# Assignment
Exact copy, pictures excluded: write out every line below.

(The data begins)

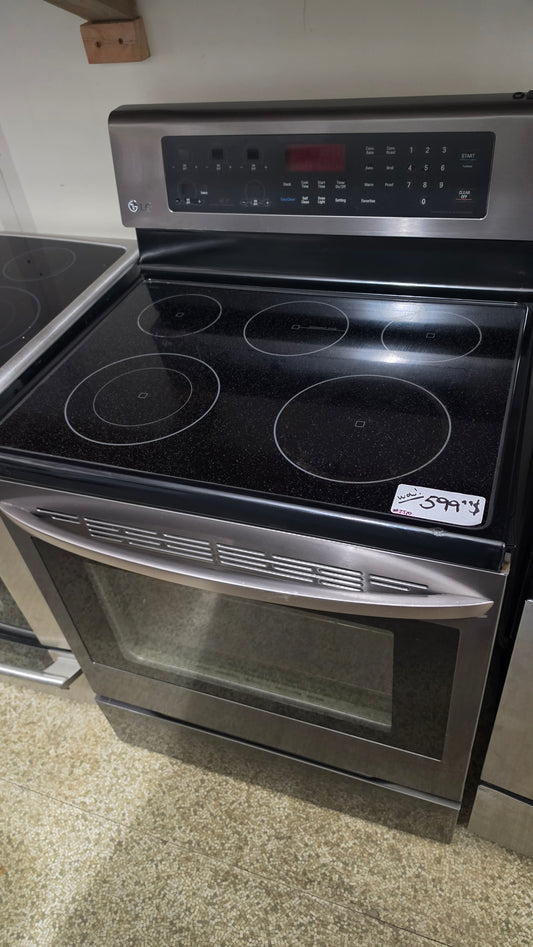 Cuisinière électrique à convection LG - Acier inoxydable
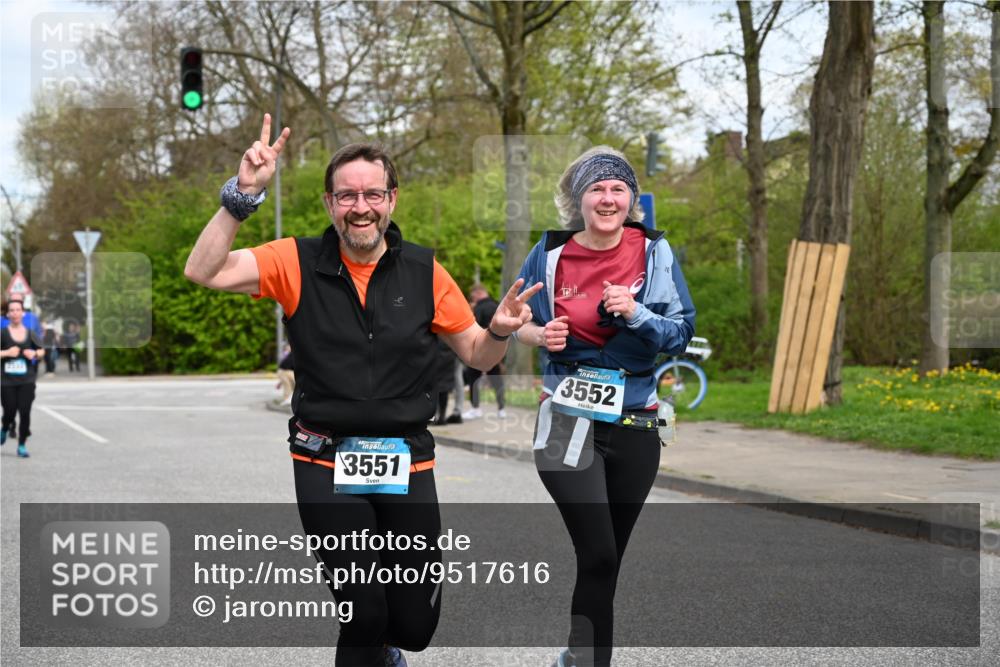 12.04.2026 - 45. Internationalen Wilhelmsburger Insellauf J. Mangold http://msf.ph/oto/9517616 12.04.2026 13:20:49 Ziel 2469, 4305, 2013, 3233, 5230, 3766, 4103, 4341, 5633, 4284, 4293, 5543, 5543, 2363, 2101, 4417, 3552, 3551, 2333, 4018, 5716, 4319, 5297, 4878, 5484, 2692 meine-sportfotos.de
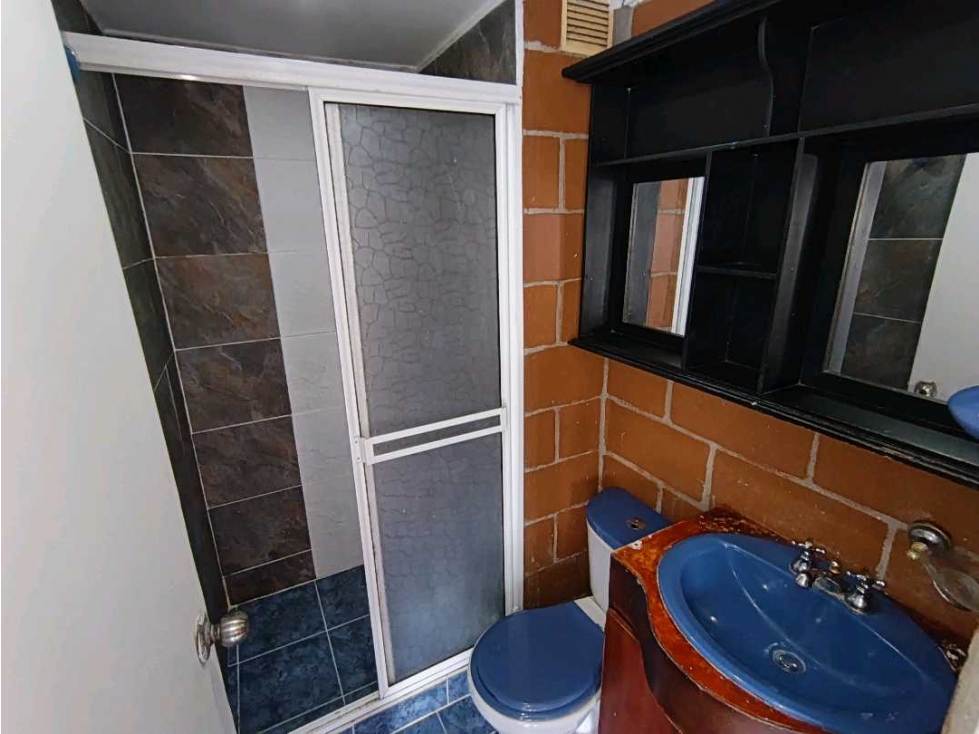 Apartamento en venta en Urbanizacion Villa Verde, Medellín · foto 9 de 11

(The data ends)

# Response below
 Cuisinière électrique à convection LG - Acier inoxydable
 12.04.2026 - 45. Internationalen Wilhelmsburger Insellauf J. Mangold http://msf.ph/oto/9517616 12.04.2026 13:20:49 Ziel 2469, 4305, 2013, 3233, 5230, 3766, 4103, 4341, 5633, 4284, 4293, 5543, 5543, 2363, 2101, 4417, 3552, 3551, 2333, 4018, 5716, 4319, 5297, 4878, 5484, 2692 meine-sportfotos.de
 Apartamento en venta en Urbanizacion Villa Verde, Medellín · foto 9 de 11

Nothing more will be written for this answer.